(Records to process)

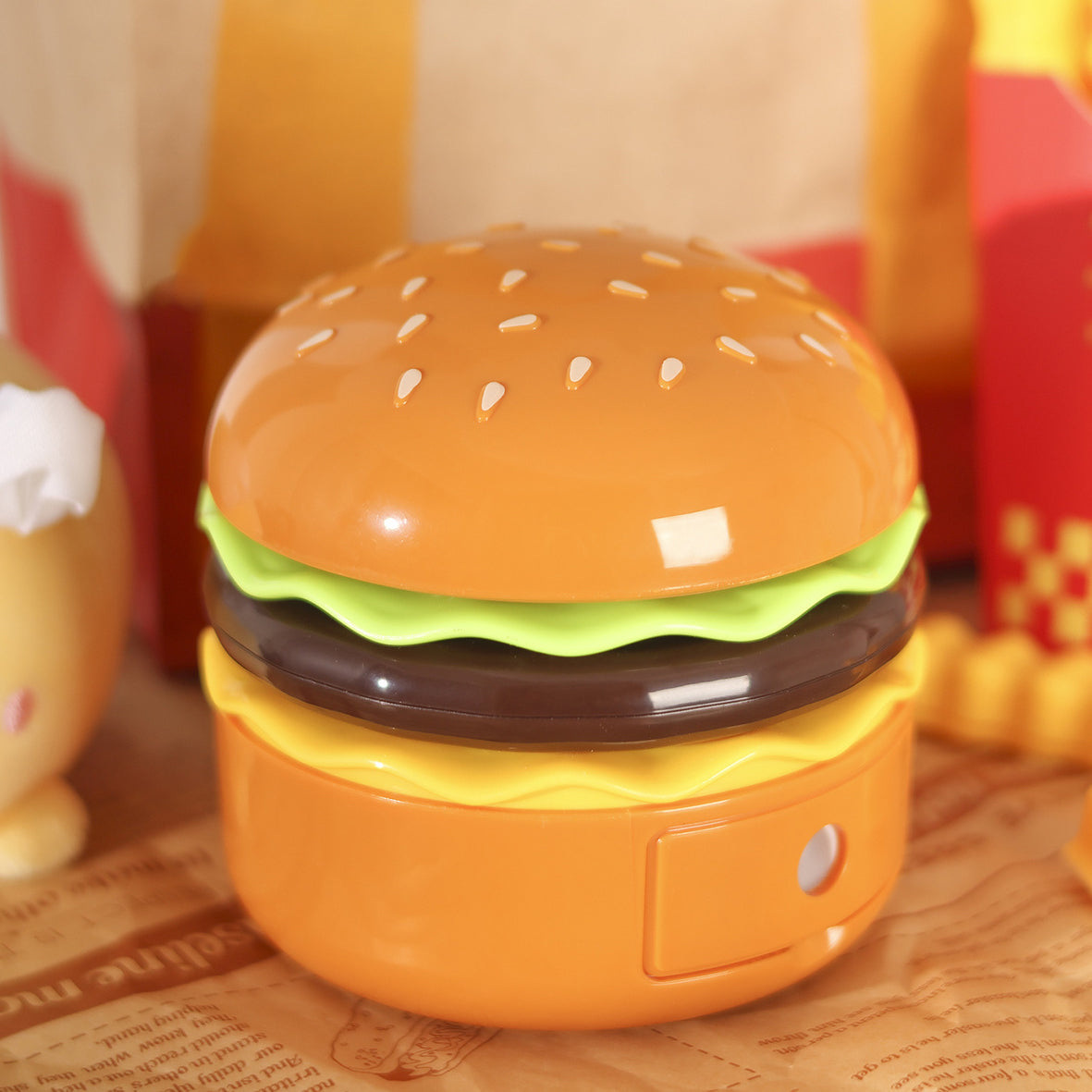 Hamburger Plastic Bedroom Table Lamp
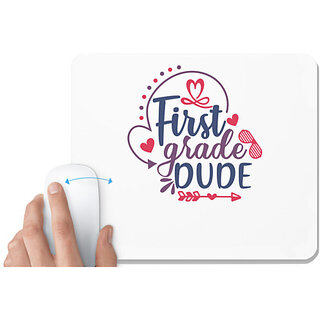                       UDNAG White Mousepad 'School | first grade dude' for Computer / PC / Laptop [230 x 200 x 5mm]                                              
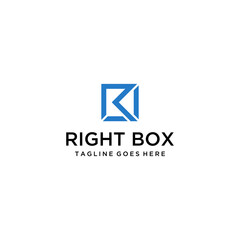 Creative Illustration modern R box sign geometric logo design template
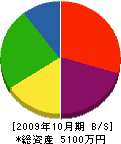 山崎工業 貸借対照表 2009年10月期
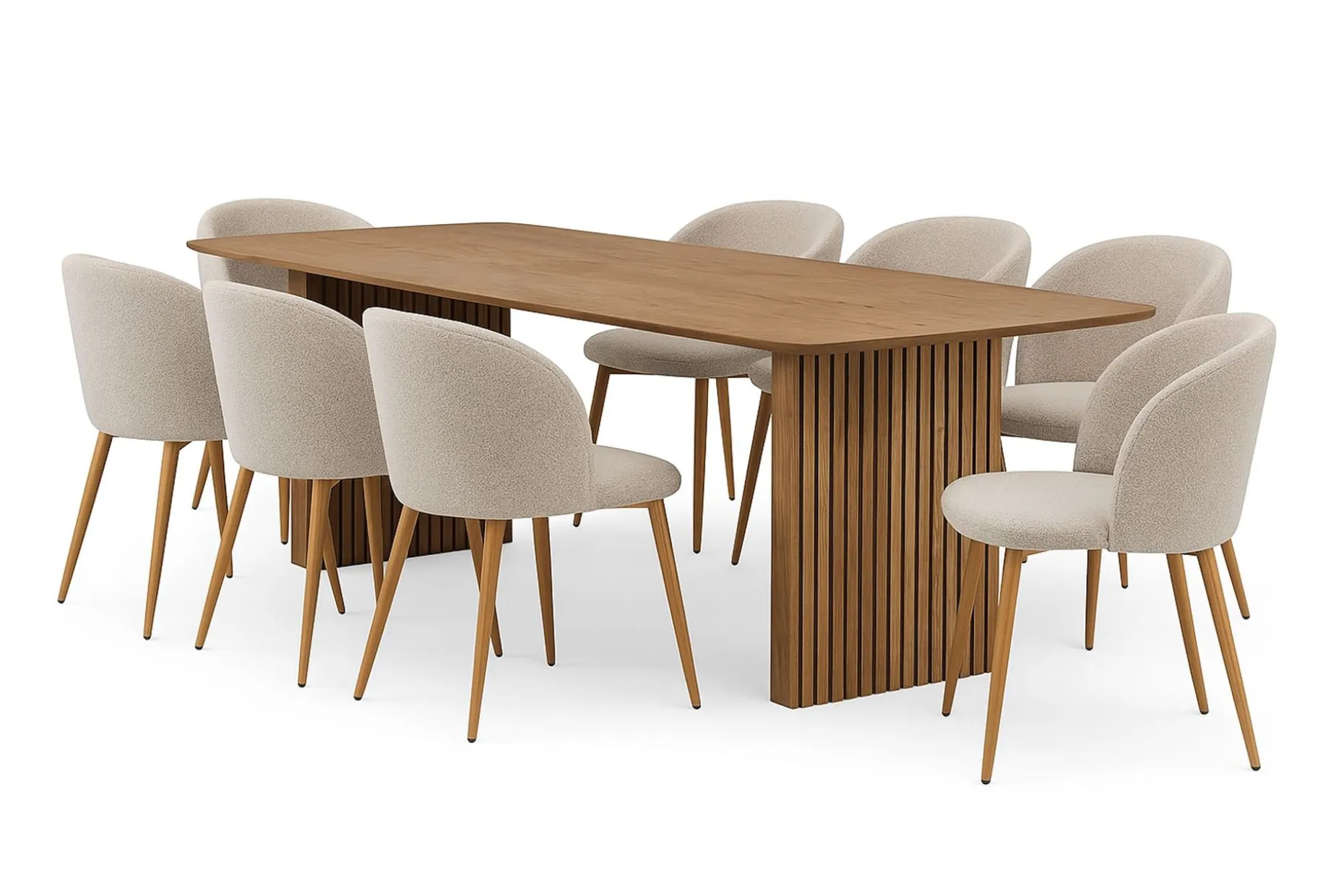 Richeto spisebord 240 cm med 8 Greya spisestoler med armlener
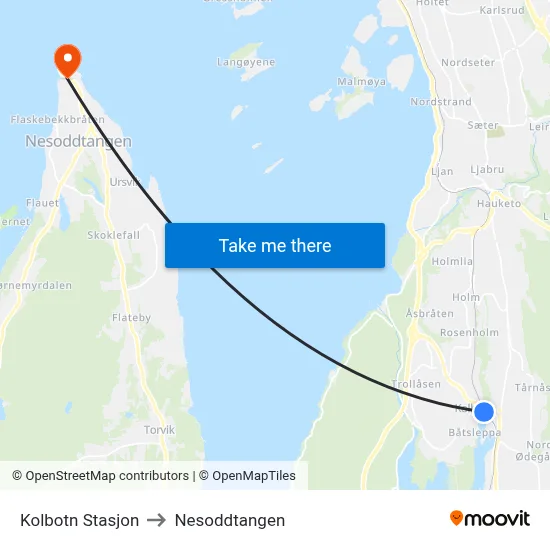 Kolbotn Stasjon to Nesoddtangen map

(End Records to process)
(Records to process)

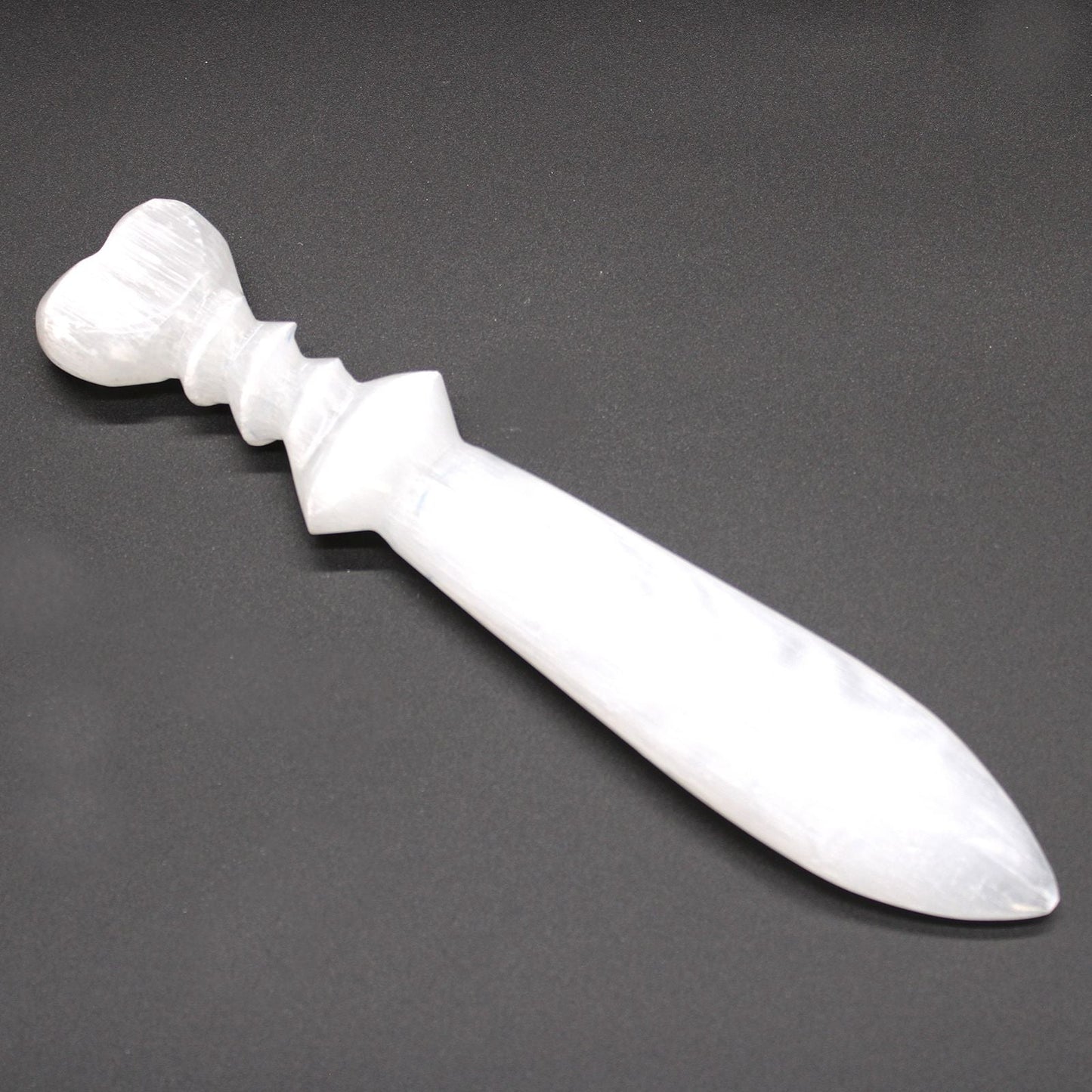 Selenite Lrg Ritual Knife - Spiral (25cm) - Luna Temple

(End Records to process)

### [Directions for this task]
What is needed is an exact copy of the lines above, from the one holding "Richeto spisebord 240" down to the one holding "Kolbotn Stasjon to Nesoddtangen map", with those two included and the pictures left out.

### [Output for this exercise]
 Richeto spisebord 240 cm med 8 Greya spisestoler med armlener
 Kolbotn Stasjon to Nesoddtangen map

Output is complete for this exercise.